I'm not using set-up bearings. I know "they say" you need to. But I tried that last time and everything changed on me when I went to the "real" bearings, so I had to start all over. It is easier working with set-up bearings, but if I'm going to have to set up the gears with the real bearings anyway I don't see the point in doing it twice.

But the OX locker has the case shims behind the case bearings (some diffs, like the ARB, put the shims behind the races). That means I need to press the case bearings on and off the differential every time I need to change shims. Putting the bearings on isn't that hard. I use a hammer with a softer metal piece between the bearing and hammer. It takes quite a few swings to get it on all the way, but they don't have to be real hard swings.

But getting them off is tougher. I ran into that when I installed the OX a few years ago, so back then I made this puller to get them off. The "block" at the bottom has a thin flange that goes under the bearing and pulls against its inner race. And you can sort of see in the picture, but it's actually two pieces that come in from opposite sides. The round piece is just a spacer and the bolt through the plate on top pushes against a piece that fits inside the bearing and pushes it on the diff. It's not blazingly fast, but it does go pretty easily.

(edit to add:

Here's another picture of the bottom "block" separated into its two halves. And the piece that pilots in the bearing and pushes it on is sitting on top of the bearing.

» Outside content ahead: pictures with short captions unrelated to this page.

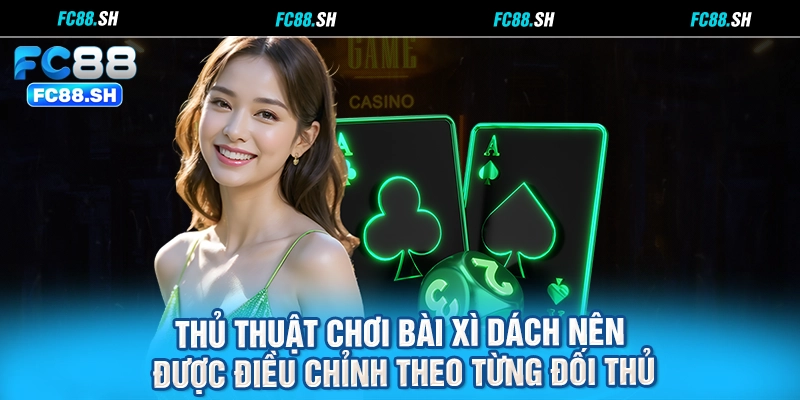 Thủ thuật chơi bài Xì Dách nên được điều chỉnh theo từng đối thủ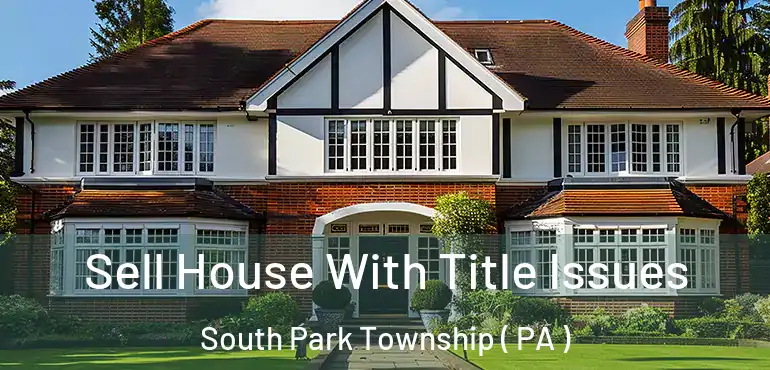  Sell House With Title Issues South Park Township ( PA )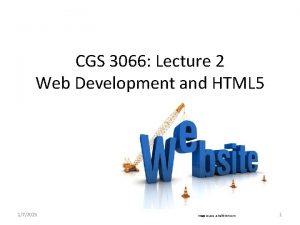 CGS 3066 Lecture 2 Web Development and HTML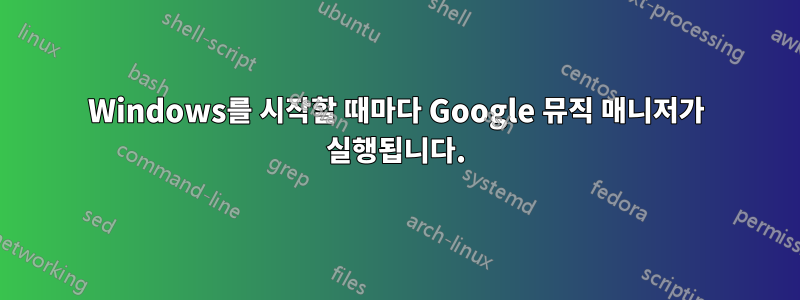 Windows를 시작할 때마다 Google 뮤직 매니저가 실행됩니다.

https://forum.garysgaragemahal.com/file/n122522/DSC_3734.jpg

)

When I installed the OX in my old axle I used a hammer and a block of wood to drive it into the housing. And prying it out is actually pretty easy (you put a wrench on a ring gear bolt and turn the pinion, when the wrench hits the housing it pushes the diff out). So I was going to do it the same way this time.

But then I heard of a simple, cheap way to make a housing spreader. A couple of plates cut from some 3/8" scrap steel with a couple tubes welded to the ends. Bolt the plates to the housing and put some threaded rod through the tubes. Turn the nuts on the inside to spread it apart and the case just drops in!

I'll add more tool pics as I use more tools.

It makes sense to me not to use set-up bearings if you have to don it over again. And that puller looks slick.

But the case-spreader is ingenious! Brandon/Bruno2 and I talked about how to do that and we didn’t come up with any good ideas. That one is magic!